After months of preparation, former Gunnedah woman Jo Menken, has finally seen the fruits of her labour.

About $15,000 was raised for the Brisbane Breast Bank at the Breast Wishes Ball in Brisbane on Saturday.

This is the second year Jo has organised the ball, which was inspired by the preventative double mastectomy she underwent last year. The 35-year-old has the defective BRCA2 gene, an identified fault or mutation, which is commonly linked to an increased risk of breast or ovarian cancer, or both. 

“It was so much work but it was such an awesome night,” Jo said.

“The atmosphere was really warm and the energy, people getting along, celebrating life.

“Seeing people let their hair down and having so much fun makes it all worthwhile for me; that's what I love.”

Members of Jo’s family came along to support her, including her mother Robin, her aunty Anne, and her sisters Amy and Tracey. Robin and Tracey have the BRCA2 gene and have undergone surgery.

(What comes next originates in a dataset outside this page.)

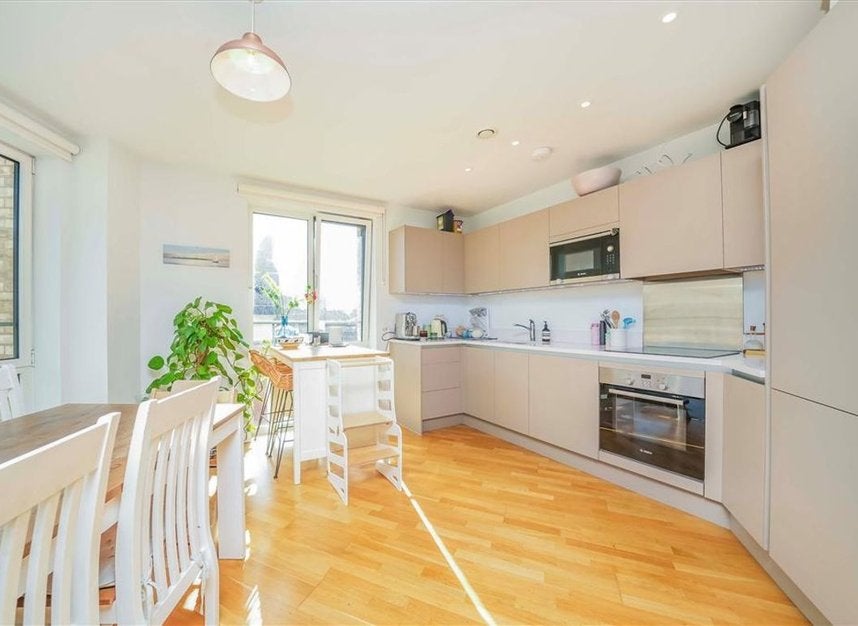 Flat Rodney Road in Greater London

Tracey took to the stage to sing I Run for Life, a song written by Melissa Etheridge about her experience with breast cancer. Tracey dedicated the song to Connie Johnson who recently lost her battle with breast cancer.

Jo said her sister’s performance was a highlight of the evening as was an international visit from Nashville’s Rachael Sue Ragland and Laura Wisloski.

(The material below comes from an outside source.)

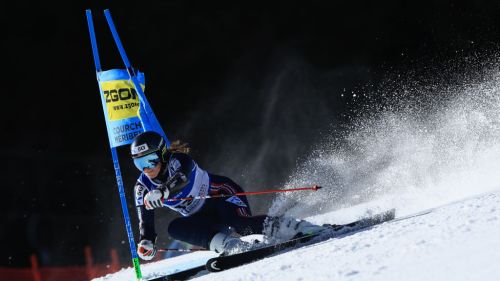 Paralleli mondiali: Holdener continua la collezione d'oro, Schmid scrive la storia per la Germania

“This girl from Nashville, [Rachael], who has the BRCA2 gene came across me on my Instagram and we chatted here and there,” she said.

“She's just had a double mastectomy and recon and she came all the way from Nashville to come to the ball. So we call each other Breasties for Life now. And that's what I love about it - it brings people together over something that's quite scary.”

Jo said Breast Bank staff who attended the ball also invited Rachael to visit the University of Queensland’s Centre for Clinical Research (UQCCR).

Breast Bank breast cancer researcher, Amy McCart-Reed, was a guest speaker at the ball.

“I gave an overview of the research that we do here at UQCCR, and also gave an indication of what we might spend any donated funds on – everything from a blood collection tubes, to -80 degrees freezers and sequencing DNA,” Amy said.

Jo said she was thankful to former Gunnedah man David McHugh who helped promote the ball. David’s mother died from breast cancer 14 years ago.